Oil Prices Hit New High, House Passes Anti-OPEC Legislation
May 20, 2008
Oil prices closed over $129 for the first time Tuesday, as the U.S. House of Representatives passed legislation that would seek to subject OPEC oil producers to U.S. antitrust laws and investigate energy market manipulation.
The June contract for light, sweet crude traded as high as $129.60 on the New York Mercantile Exchange before closing at $129.07, up $2.02 from Monday's record high. It was the 10th time in the last 12 trading sessions crude prices have hit trading or closing records. The July contract, which becomes the main contract in trading today, was trading at up to $129.29.
Oil futures are now selling for about twice what they were just a year ago, and one analyst at the Oil Price Information Service called it "a runaway market," reported the Associated Press.
Meanwhile, Reuters reports, the U.S. House of Representatives overwhelmingly approved legislation Tuesday allowing the Justice Department to sue OPEC members for limiting oil supplies and working together to set crude prices.
The bill would subject OPEC oil producers to the same antitrust laws that U.S. companies must follow. The legislation also creates a Justice Department task force to investigate fuel price gouging and energy market manipulation.
The White House has threatened to veto the bill, but the bill passed by a large enough margin to override.
House Speaker Nancy Pelosi said in a statement, "The House today with a strong bipartisan and veto-proof margin voted to hold foreign oil cartels and Big Oil accountable.

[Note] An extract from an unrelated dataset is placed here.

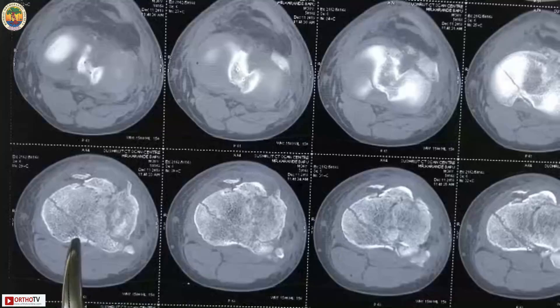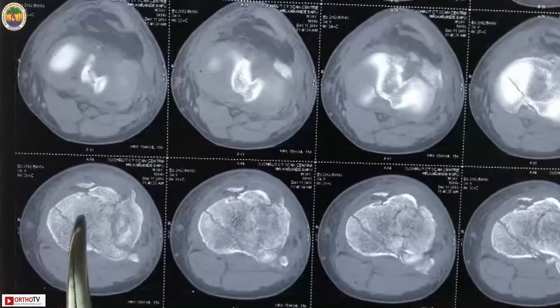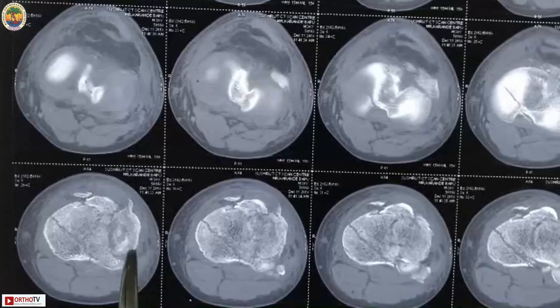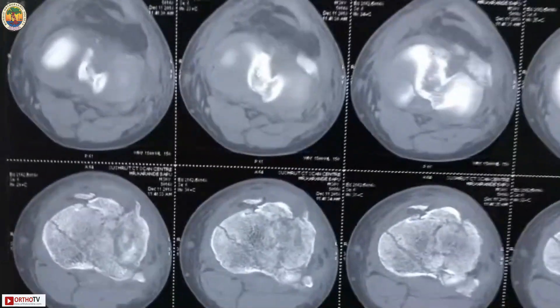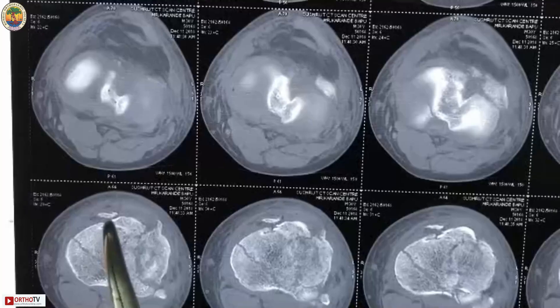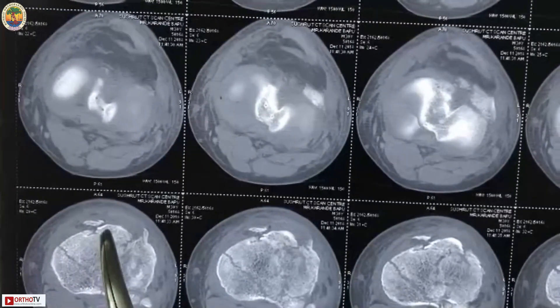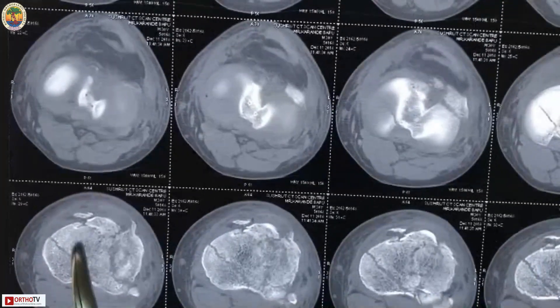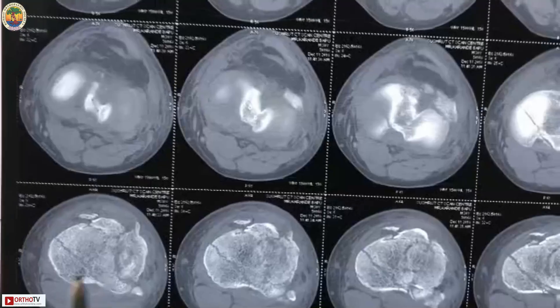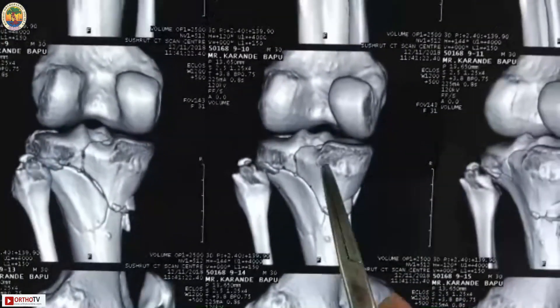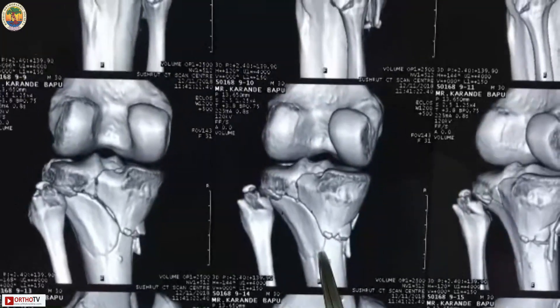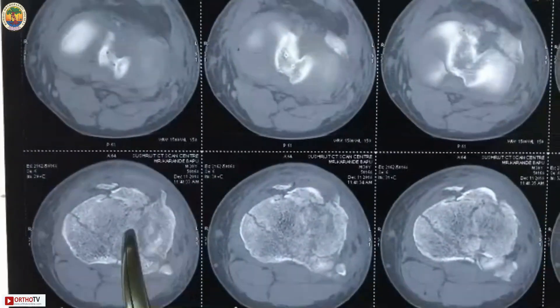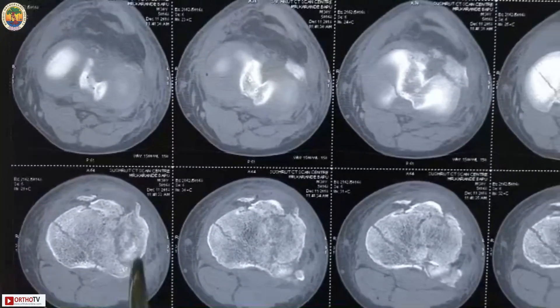On axial cuts, the medial condyle fracture shows a posterior fragment and an anterior fragment, along with a lateral condyle fracture. The plan is to reduce the fracture with a towel clip, place a temporary K-wire, then fix with one screw anterior-to-posterior or posterior-to-anterior. Once both condyles are fixed as one piece, the medial condyle will be plated with a buttress on the posterior medial border, and the lateral condyle fixed with a raft plate.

"The legislation provides the Justice Department with a critical tool to pursue antitrust actions against OPEC-controlled entities for fixing prices and creates a new Justice Department Petroleum Industry Antitrust Task Force to examine anticompetitive market practices in the oil industry. It also requires that the mergers of Big Oil companies in recent years be examined for anticompetitive effects."